MATERIAL PROVIDED:
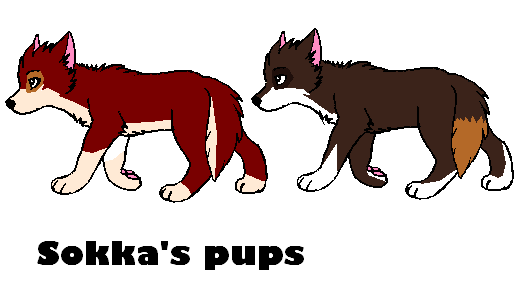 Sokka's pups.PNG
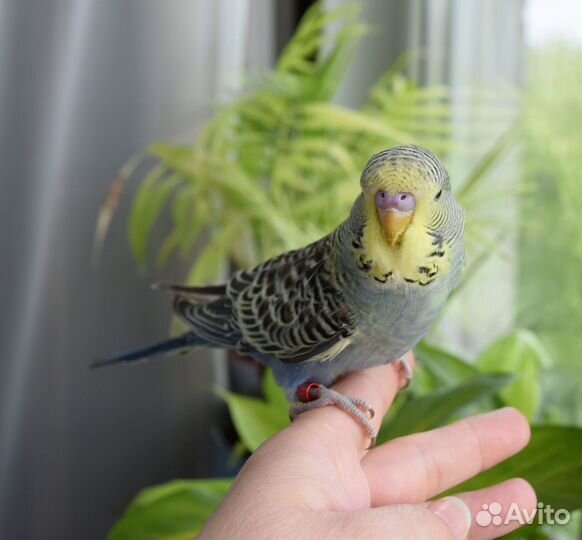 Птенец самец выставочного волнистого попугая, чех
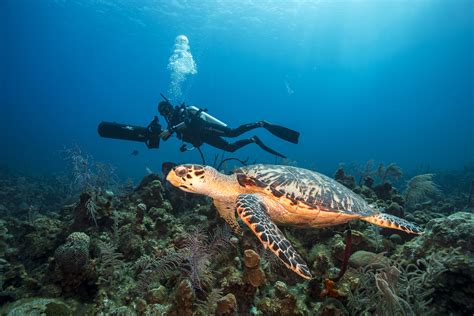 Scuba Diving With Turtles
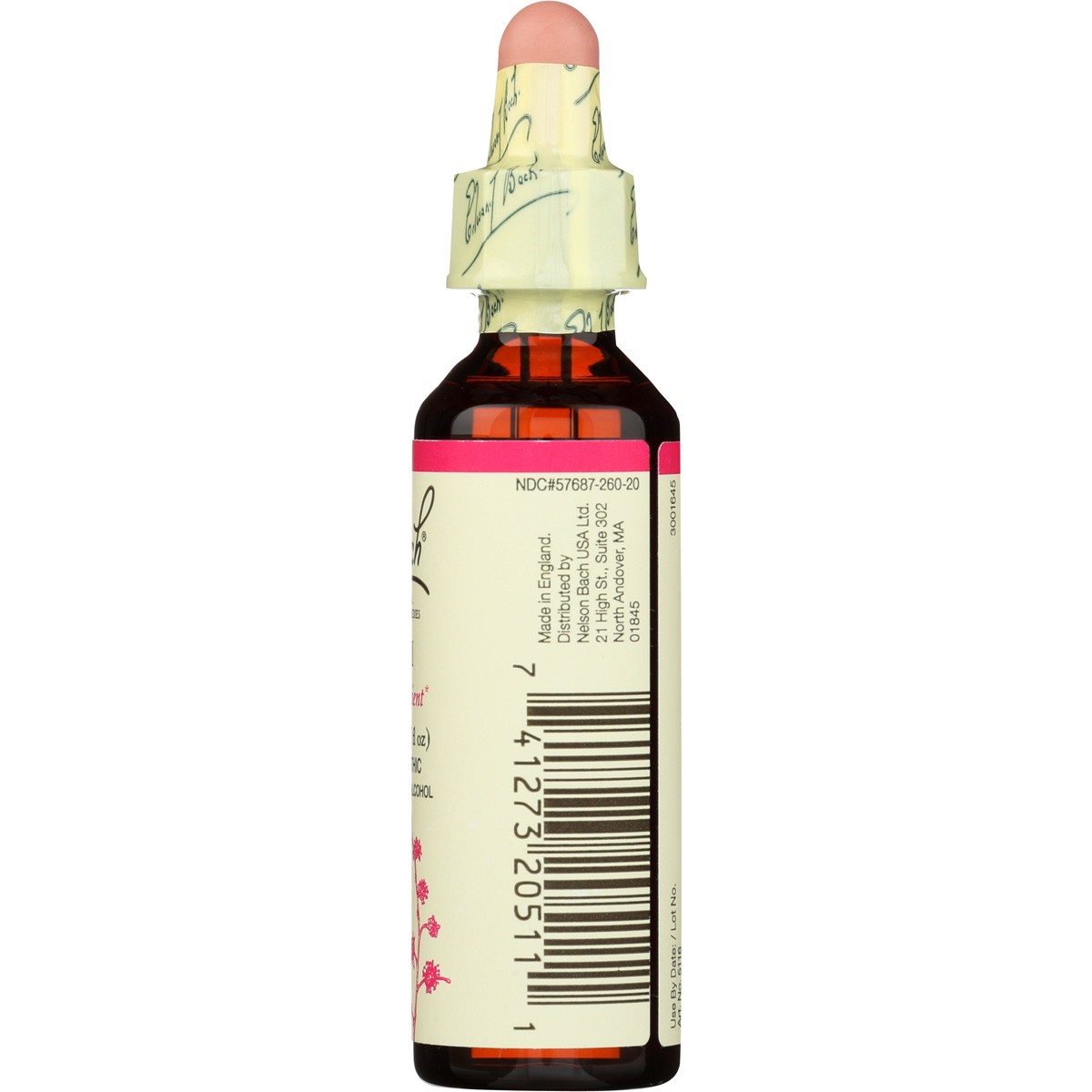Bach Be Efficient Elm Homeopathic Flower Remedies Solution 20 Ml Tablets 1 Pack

WORK TASK: Transcribe the span of lines that runs from the line with "Scuba Diving With Turtles" to the end of the data, both ends included, exactly, with nothing else and no pictures.

RESPONSE TO THIS EXERCISE:
 Scuba Diving With Turtles
Bach Be Efficient Elm Homeopathic Flower Remedies Solution 20 Ml Tablets 1 Pack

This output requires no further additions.